Statistical power is a number between 0 and 1 which measures a study's - or experiment's - ability to detect an effect if the effect does truly exist. The closer this number is to 1, the greater the probability of making a correct decision (that is, rejecting the null hypothesis when the null hypothesis is in fact false).
Making sure your study has high power is crucial to ensure you can rely on the results you are given. This is because as your power increases, the probability of making a Type II error decreases. Having a low power means that there is a high risk of you missing important insights due to your test not being powerful enough to detect it.
Observe the following table:
Do not reject H0 | Reject H0 | |
---|---|---|
H0 is actually true | Correct decision! | Type I error (false positive) |
H0 is actually false | Type II error (false negative) | Correct decision! |
A Type I error is rejecting the null hypothesis H0 when in real life it is actually true, and a Type II error is where you do not reject the null hypothesis H0 when in real life it is actually false.
The probability of a Type I error occurring is our significance value α, so usually this is either 0.01, 0.05 or 0.1. The probability of a Type II error occurring is given by β. Power is calculated by
Power = 1 - β.
Because of this, a high power in data analysis reduces the probability of a Type II error happening.
There is no one formula to calculate power as it depends on the statistical test you are using (ANOVA, Spearman's rho, etc).
There is also no one-size-fits-all for deciding what the correct level for power is: it depends on your field.
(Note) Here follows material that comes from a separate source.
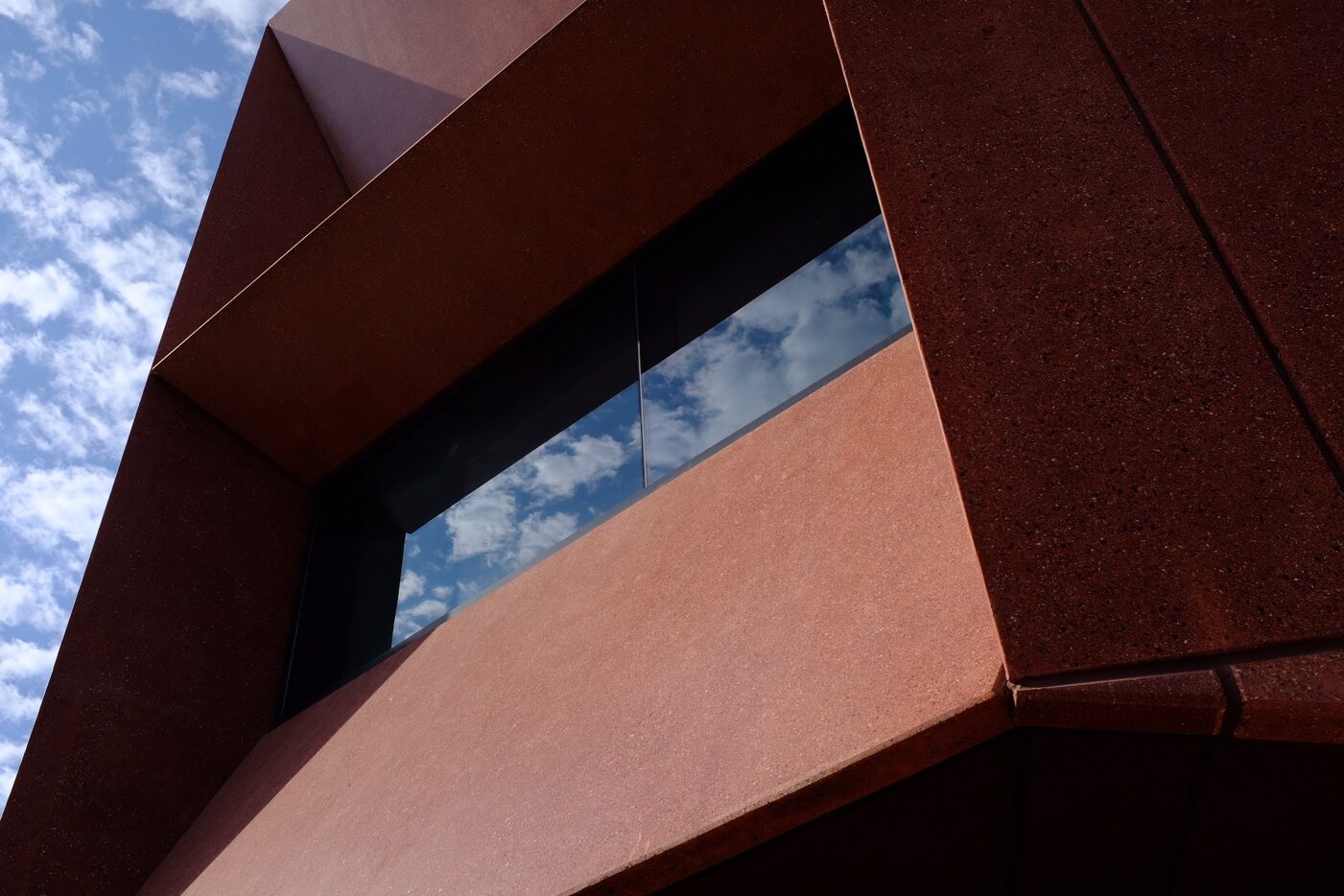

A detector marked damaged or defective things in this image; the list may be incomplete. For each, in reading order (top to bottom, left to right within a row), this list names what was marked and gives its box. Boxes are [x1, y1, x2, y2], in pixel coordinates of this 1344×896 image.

Most studies have a power of 0.8 (80%) or 0.9 (90%), however you need to consider the circumstances of your test in order to really determine what power is the right one for you.
For example, a particular healthcare study will require a power of 0.95 (or 95%) and above, whereas a particular business study can get away with a power of 0.75 (or 75%). How to determine which is right for you is to use your literature review - by looking at other papers who have done the same or similar studies that you intend to do, you can use what they used as justification for your own power level.